Hélène d'Enver was superintending the definite closing of her beautiful duplex apartments—the most beautiful in the great château-like, limestone building. And José Querida knew perfectly well what the rents were.
"Such a funny time to come to see me," she had said laughingly over the telephone; "I'm in a dreadful state with skirts pinned up and a motor-bonnet over my hair, but I will not permit my maids to touch the porcelains; and if you really wish to see me, come ahead."
He really wished to. Besides he adored her Ming porcelains and her Celedon, and the idea of any maid touching them almost gave him heart-failure. He himself possessed one piece of Ming and a broken fragment of Celedon. Women had been married for less.
She was very charming in her pinned-up skirts and her dainty head-gear, and she welcomed him and intrusted him with specimens which sent pleasant shivers down his flexible spine.
And, together, they put away many scores of specimens which were actually priceless, inasmuch as any rumour of a public sale would have excited amateurs to the verge of lunacy, and almost any psychopathic might have established a new record for madness at an auction of this matchless collection.
They breathed easier when the thrilling task was ended; but emotion still enchained them as they seated themselves at a tea-table—an emotion so deep on Hélène's part that she suffered Querida to retain the tips of her fingers for an appreciable moment when transferring sugar to his cup. And she listened, with a smile almost tremulous, to the fascinating music of his voice, charmingly attuned and modulated to a pitch which, somehow, seemed to harmonise with the very word, Celedon.
"I am so surprised," she said softly—but his dark eyes noted that she was still busy with her tea paraphernalia—"I scarcely know what to think, Mr. Querida—"
"Think that I love you—" breathed Querida, his dark and beautiful head very near to her blond one.
"I—am—thinking of it…. But—"
"Hélène," he whispered musically;—and suddenly stiffened in his chair as the maid came clattering in over the rugless and polished parquet to announce Mr. Ogilvy, followed san façon by that young man, swinging a straw hat and a malacca stick.
"Sam!" said the pretty Countess, changing countenance.
"Hello, Hélène! How-do, Querida! I heard you were temporarily in town, dear lady—" He kissed a hand that was as faltering and guilty as the irresolute eyes she lifted to his.
Ten minutes later Querida took his leave. He dismissed the expensive taxi which had been devouring time outside, and walked thoughtfully away down the fashionable street.
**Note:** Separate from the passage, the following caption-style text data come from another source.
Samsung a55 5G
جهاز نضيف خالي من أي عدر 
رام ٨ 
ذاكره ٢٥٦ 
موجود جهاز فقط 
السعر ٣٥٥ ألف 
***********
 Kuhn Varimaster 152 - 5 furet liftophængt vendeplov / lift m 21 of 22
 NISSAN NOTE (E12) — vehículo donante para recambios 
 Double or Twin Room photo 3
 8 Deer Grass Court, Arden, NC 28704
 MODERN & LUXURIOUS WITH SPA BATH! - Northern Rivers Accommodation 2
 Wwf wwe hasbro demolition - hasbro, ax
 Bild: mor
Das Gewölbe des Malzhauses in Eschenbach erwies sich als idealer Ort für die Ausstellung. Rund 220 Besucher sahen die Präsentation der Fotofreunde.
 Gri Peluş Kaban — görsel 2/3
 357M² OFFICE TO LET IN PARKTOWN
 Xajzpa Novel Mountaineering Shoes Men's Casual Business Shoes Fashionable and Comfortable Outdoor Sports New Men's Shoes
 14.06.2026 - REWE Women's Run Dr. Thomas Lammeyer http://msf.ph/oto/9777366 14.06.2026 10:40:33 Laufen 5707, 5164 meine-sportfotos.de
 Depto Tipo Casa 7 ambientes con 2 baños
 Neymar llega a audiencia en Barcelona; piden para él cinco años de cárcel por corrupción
Because the machinery had chanced to clog twice did not disturb his theory; but the trouble with him was local; he was intensely and personally annoyed, nervous, irritated unspeakably. Because, except for Valerie, these two, Alma Hind-Willet and Hélène d'Enver, were the only two socially and financially suitable women in whom he took the slightest physical interest.
There is, in all women, one moment—sometimes repeated—in which a sudden yielding to caprice sometimes overturns the logical plans laid out and inexorably followed for half a lifetime. And there was much of the feminine about Querida.
And it chanced to happen on this day—when no doubt all unsuspected and unperceived some lurking jettatura had given him the evil eye—that he passed by hazard through the block where Valerie lived, and saw her mounting the steps.
"Why, José!" she exclaimed, a trifle confused in her smiling cordiality as he sprang up the steps behind her—for Rita's bitterness, if it had not aroused in her suspicions, had troubled her in spite of her declaration of unbelief.
He asked for a cup of tea, and she invited him. Rita was in the room when they entered; and she stood up coolly, coolly returned Querida's steady glance and salutation with a glance as calm, as detached, and as intelligent as a surgeon's.